Jonathan Freedland writes:
Even at the end, he still had
them talking.
For the best part of a quarter century, Gordon Brown has had the
political press corps either scratching its collective head, trying to divine
his latest tactical gambit, or else making a gag at his expense.
As Brown formally announced his intention to
stand down as an MP
after a 32-year Commons career, some speculated that the timing was a classic
Brownian ploy to sabotage preparations for George Osborne’s upcoming autumn
statement, a last bit of partisan news management by a master of the art.
Others said it was typically Brown in another sense: the re-announcing of news
he’d already pre-announced last week.
And yet the word, when it came,
was rather different from what Gordon-watchers have grown used to.
It was more
personal, for one thing. He delivered it in the Old Kirk in Kirkcaldy, in the
shadow of the church where his father, one of the defining influences on his
life, used to preach.
At his side were wife Sarah and their two sons, the boys
so rarely glimpsed that when they appeared with him on the day he left Downing Street in
May 2010, the sight was a jolt to those who’d never before conceived of Brown
as a father.
The truth is that the British
public rarely got to see the man in full.
But what they saw loomed large
enough. Brown was indisputably a big beast, a towering figure in Labour
and British politics for almost two decades.

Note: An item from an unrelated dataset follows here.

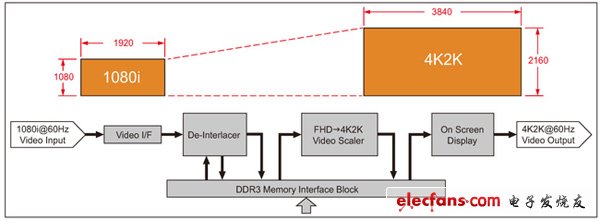 圖 2，可將四路高清輸入交錯(cuò)為 4K 顯示的顯示 TDP 縮放器參考設(shè)計(jì)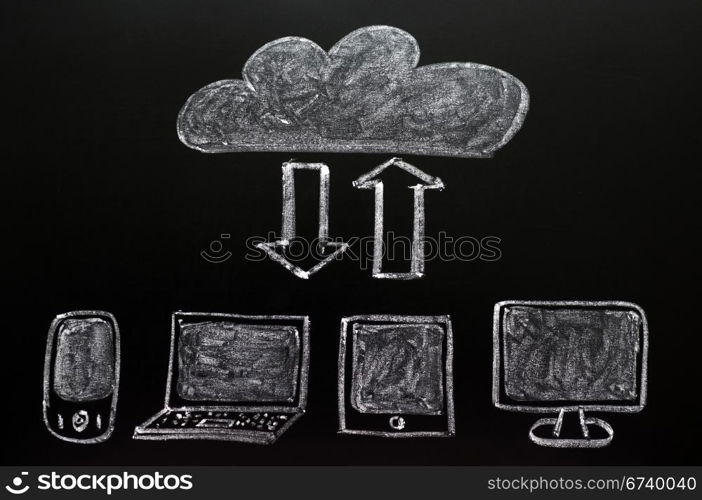 Cloud computing concept drawn on a blackboard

His former spin doctor, Damian McBride, may well be right to observe
that “as a feat of sheer endurance, no modern politician will ever again match
Gordon Brown’s 18 years at the top of his party”.

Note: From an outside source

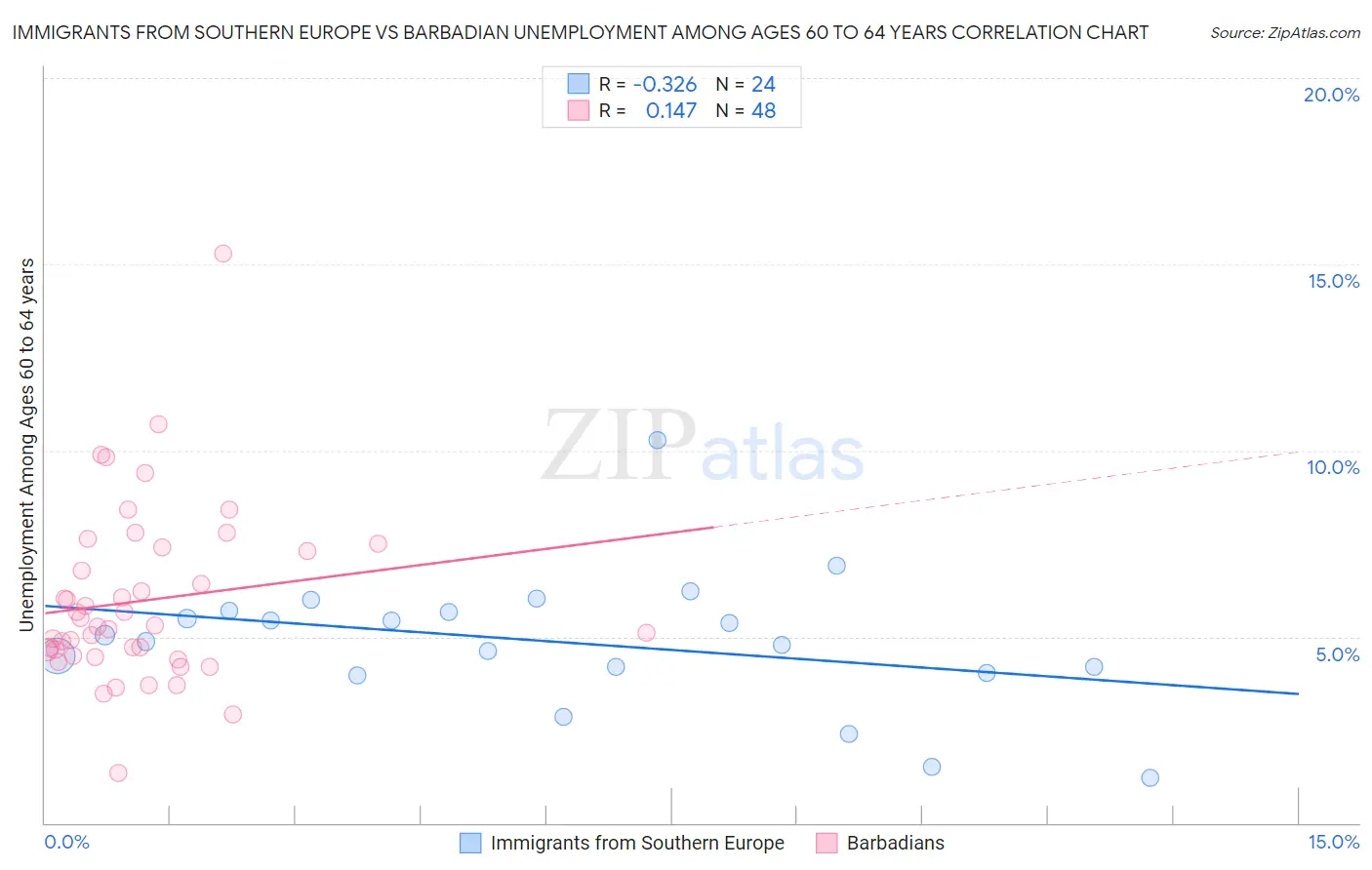 Immigrants from Southern Europe vs Barbadian Unemployment Among Ages 60 to 64 years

Named as John Smith’s shadow chancellor
in 1992, he remained at the helm – either sharing the wheel with Tony Blair or
steering on his own – until 2010.
Even this year, in what was meant
to be the twilight of his career, he has been a dominant figure.
When he took to the stump in the closing months of the Scottish
referendum campaign, Ed Miliband may have been around but there was no
doubt who looked like the leader of the Labour tribe.
But it’s more than longevity that’s made Brown so
compelling.
Bill Clinton was once described as the most psychologically complex
inhabitant of the Oval Office since Richard Nixon. In Downing Street that
honour surely fell to Brown, the most complicated prime minister since Winston
Churchill.
The darkness was well documented, the anger that had him
hurling phones and staplers, stabbing car seats and firing off emails in the
dead of night.
There was a strain of Nixonite suspicion of rivals and enemies;
he could be rudely dismissive of colleagues; he was famously destructive in his
dealings with Blair, his one-time co-conspirator.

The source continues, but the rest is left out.